# Instructions for the task
Reproduce exactly, and solely, the lines running from the top of the data below through the line with "10614 Moonlight Dr, Houston, TX", both inclusive. Omit pictures.

:: Extracted material ::

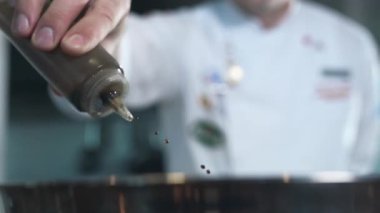 Şef yavaş çekimde yemek pişirmeye zeytin yağı ekliyor.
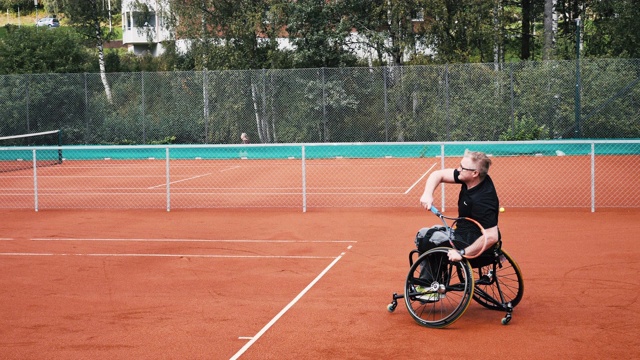 两个成年男子在户外轮椅网球上打双打视频素材
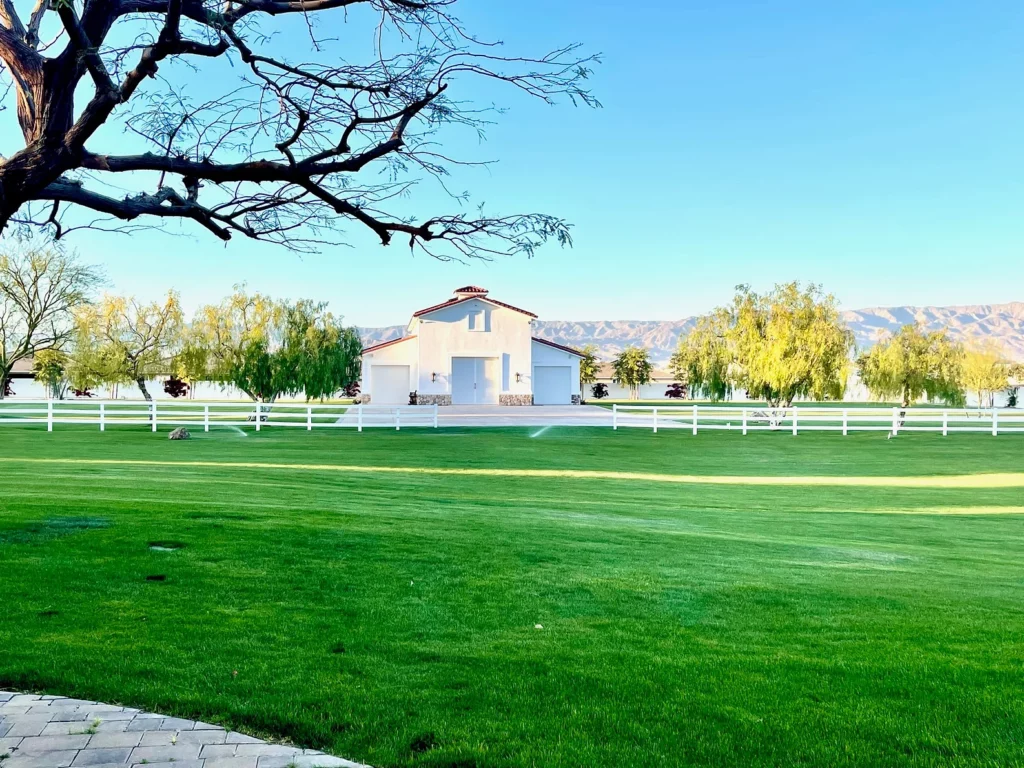 A large ranch with a white house and fence at a  Coachella event venue
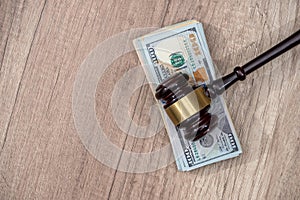 Law mallet with us dollar on wooden surface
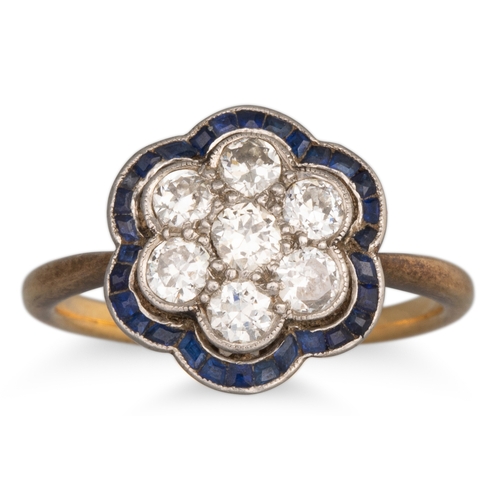 25 - AN EDWARDIAN SAPPHIRE AND DIAMOND RING, the old cut diamond to sapphire surround, mounted in 18ct ye... 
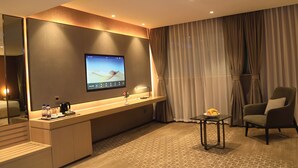 Une chambre d’hôtel moderne dotée d’un grand téléviseur à écran plat fixé au mur, d’un bureau en bois avec une machine à café, d’un vase avec des fleurs, d’une chaise et d’un tapis à motifs.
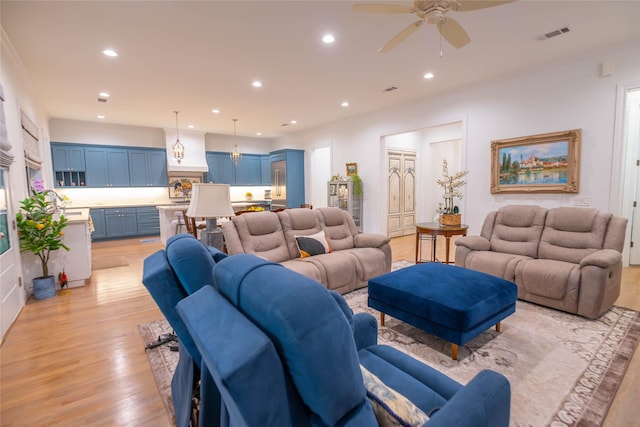 10614 Moonlight Dr, Houston, TX 77096 - living area with light wood-style flooring, recessed lighting, and ceiling fan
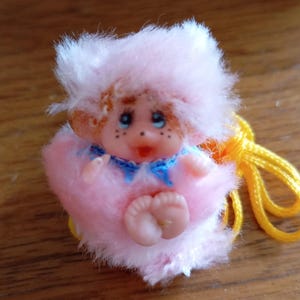May include: A small pink plush doll with a yellow cord. The doll is wearing a pink hat and a blue and white outfit. The doll has a painted face with freckles.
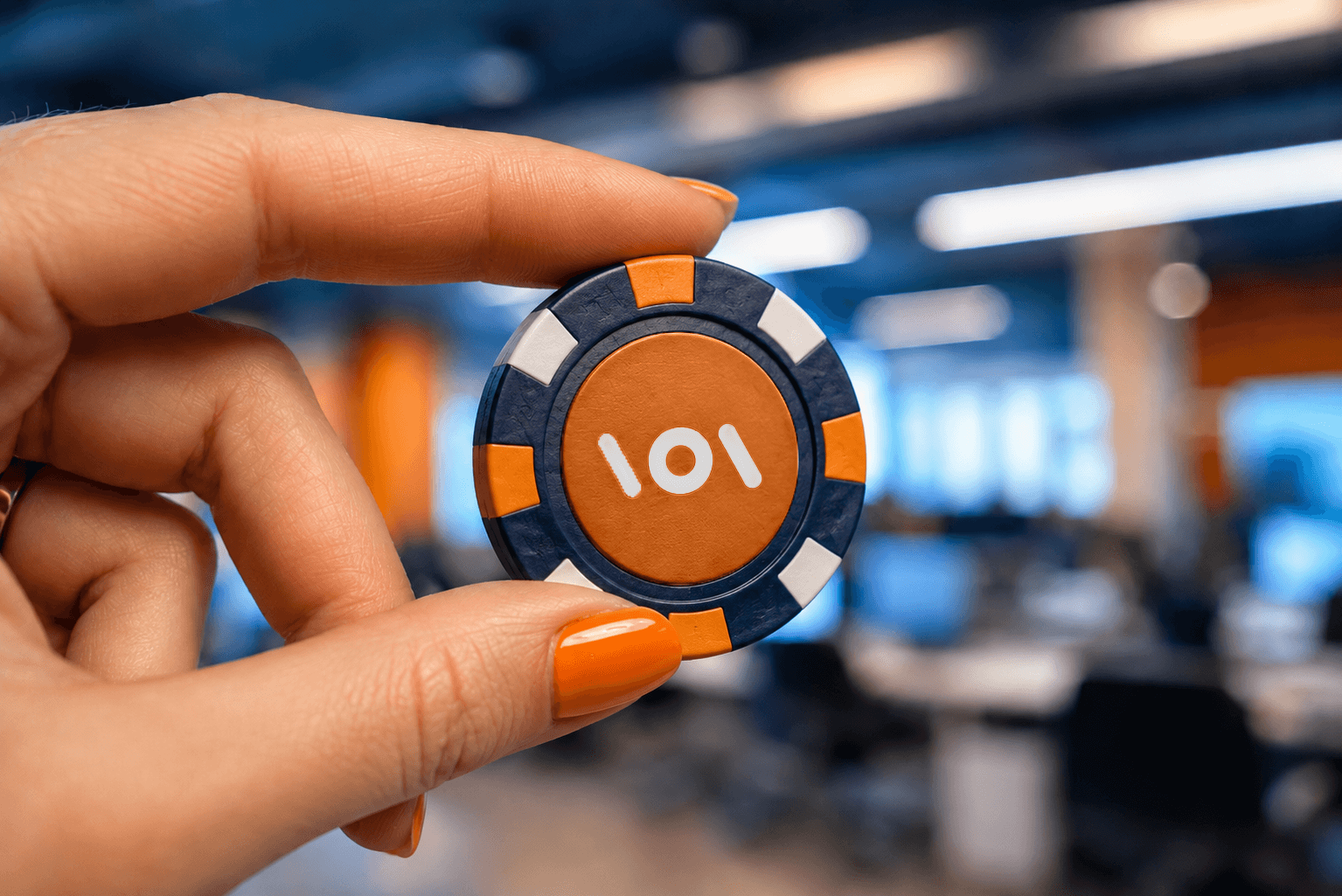Hand holding a blue and orange branded casino chip in a modern iGaming office environment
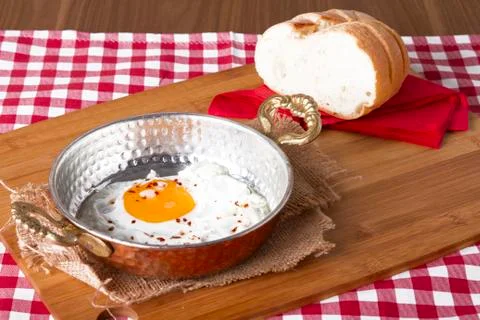 Turkish Breakfast - Fried Egg wit sliced bread on table Stock Photos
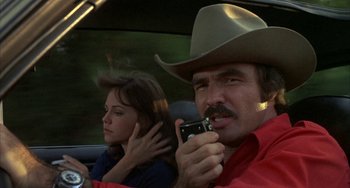 Movie still from “Smokey and the Bandit” (1977), directed by Hal Needham – A man and a woman sitting in the back of a car; Close Up shot, Over the shoulder angle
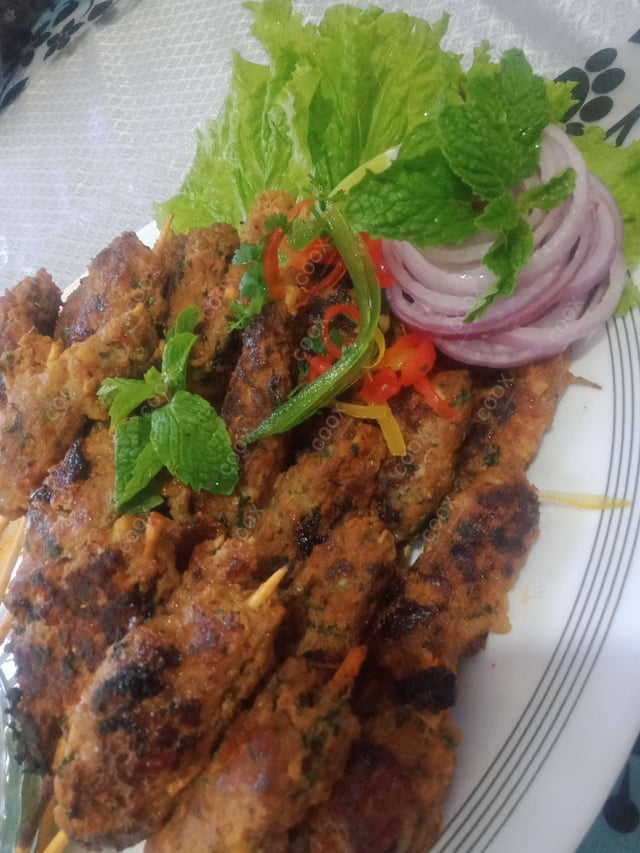 Delicious Mutton Seekh Kebab prepared by COOX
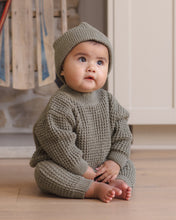 Load image into Gallery viewer, Baby sitting on a wooden floor wearing spruce green chunky knit pants with a matching sweater and knit hat.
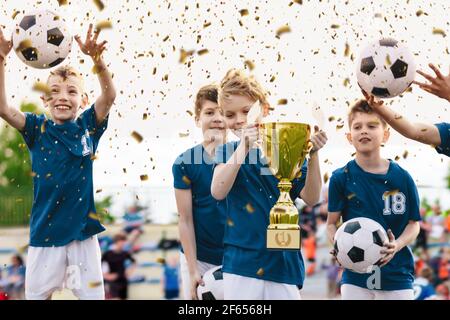 Celebración del equipo de fútbol. Niños alegres celebrando el éxito en el Juego del Torneo de Fútbol. Junior Sports Team Rising Golden Trophy en Confetti Celebr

:::

# Reply
 Şef yavaş çekimde yemek pişirmeye zeytin yağı ekliyor.
 两个成年男子在户外轮椅网球上打双打视频素材
 A large ranch with a white house and fence at a  Coachella event venue
 Law mallet with us dollar on wooden surface
 25 - AN EDWARDIAN SAPPHIRE AND DIAMOND RING, the old cut diamond to sapphire surround, mounted in 18ct ye... 
 Une chambre d’hôtel moderne dotée d’un grand téléviseur à écran plat fixé au mur, d’un bureau en bois avec une machine à café, d’un vase avec des fleurs, d’une chaise et d’un tapis à motifs.
 10614 Moonlight Dr, Houston, TX 77096 - living area with light wood-style flooring, recessed lighting, and ceiling fan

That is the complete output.